Plymouth's success is all the more remarkable when one considers the difficult background against which the partnership emerged. According to the 1995 index of local conditions, the St. Peter ward in Plymouth, Sutton was the poorest ward in England, with high unemployment. However, education, employment and health action zones have enabled us to pull together to address that effectively. The city now has unemployment at the national average for the first time in 20 years. Unemployment has plummeted from 12,000 to fewer than 4,000, and a further 2,000 people who were not even registered as unemployed are now in work.

Over the first three years of the community safety partnership, theft of vehicles fell by 29 per cent., and in the three years from the year of the election, such offences fell by a further 29 per cent. They have continued to fall but, naturally, after such successes, it becomes much more difficult to see significant results. A figure of 1,300 car crimes in Plymouth is still too many. Despite some success in prosecuting some of the individuals responsible for substantial amounts of such crime--

Mr. Heald: I am grateful to the hon. Lady for giving way. Can she help us by saying what impact closed circuit television has had in the change that she describes, and tell us when it was introduced?

Mrs. Gilroy: Yes. I am happy to admit that CCTV has had some impact, but the greater impact has come from the people involved in the community safety partnership--the 100 partners from neighbourhood watch schemes and others, which I may mention if time permits.

The Bill will help us by making it much more difficult to profit from car theft, by licensing those involved in the salvage industry and controlling the supply of number plates. Both proposals will reduce the opportunities for criminals to disguise the identity of stolen cars, by preventing criminals from swapping the identity of a vehicle that they have stolen with that of a written-off or scrapped vehicle. They will take the profit out of stealing cars.

The Bill will also help to prevent unsuspecting purchasers from buying stolen cars, which in turn will bring benefits to the vehicle insurance industry and its customers. It will back up the work that the vehicle insurance industry is undertaking to develop the motor insurers database to prevent uninsured driving which, we know, costs each policyholder about £20 a year and the insurance industry more than £400 million.

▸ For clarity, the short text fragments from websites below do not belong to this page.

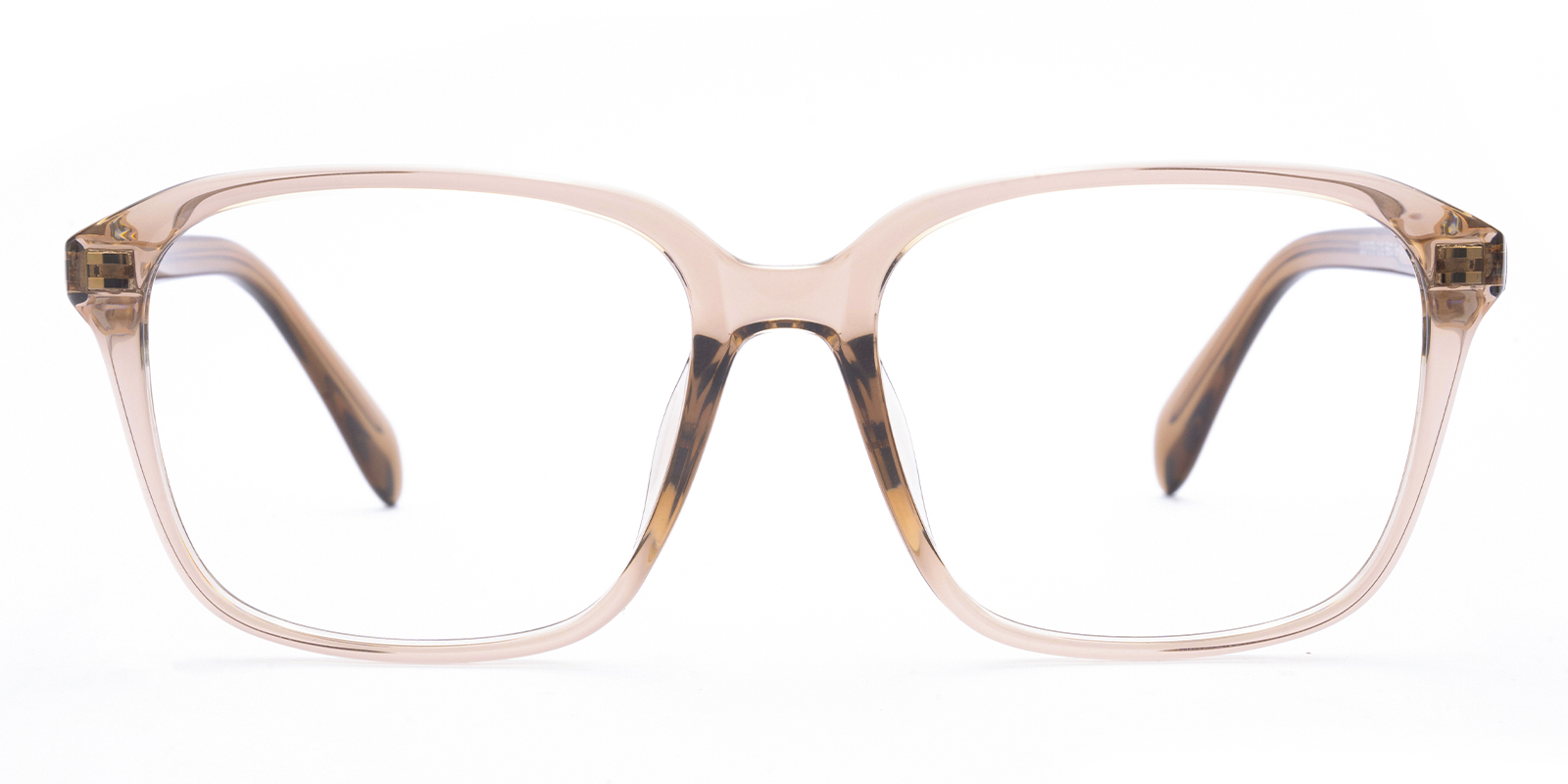Eloise Square Champagne Pearl Eyeglasses | GlassesShop display picture 3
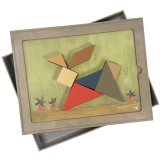 TANGRAM magnetyczna gra logiczna 5+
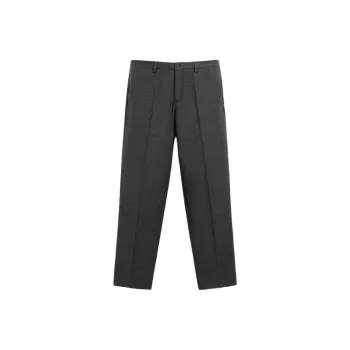 ZARA Suit Trousers Men Gray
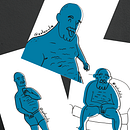 Summer Doodles (Baby Blue). Projekt z dziedziny Trad, c, jna ilustracja, Ilustracja c, frowa i  Sztuki piękne użytkownika Antonio Fernández San Emeterio - 27.08.2021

I hope that the Bill will also help the work of trading standards officers. The hon. Member for Eastleigh (Mr. Chidgey) highlighted some interesting points. Some of the most difficult cases with which trading standards officers have had to deal entail spotting cut and shut

18 Dec 2000 : Column 70

vehicles before they become a problem, with huge safety implications for consumers, whom their service aims to protect. The ownership of stolen vehicles has always been a problem for purchasers who find that they have paid a significant sum for something that turns out to belong to someone else. I hope that we will draw on the long experience of trading standards officers in such matters, to ensure that safety, title to property and car clocking are dealt with more effectively in future.

Re-investing money from speed camera enforcement in road safety will be popular with many of my constituents. We have in Plymouth one of 20 pilot home zones, and I know that all over the country there is huge demand for effective traffic calming, including the use of more speed cameras. Like many hon. Members, I have had to explain to too many constituents who fear for their own and their children's safety that speed cameras are not available for all the circumstances that might merit their use. The most recent discussion that I have had about that was at this time last week, when I was speaking to some young members of the Efford youth club. One of them asked me what we could do to stop speeding motorists like the one who had recently knocked down and injured his cousin.

I understand that the shadow Home Secretary, the right hon. Member for Maidstone and The Weald (Miss Widdecombe), visited my constituency on Friday. I am delighted that she did so, and especially that she visited the St. Peter ward, which I mentioned earlier. I understand that she visited the Millfields police station, which was opened after a campaign in that community supported by local residents, their Labour councillors and myself, and which received a positive response from our then local chief inspector of police, Mr. Russ Mitchell.

I am delighted that the right hon. Lady viewed that important project, which has brought local policing back to an area that is still among the poorest in the country. I am only sorry that I did not know in advance about her visit. Perhaps hon. Members on the Conservative Benches will bring to her attention my remarks about aspects of vehicle crime and how we are tackling it in Plymouth, which I would have been delighted to show her.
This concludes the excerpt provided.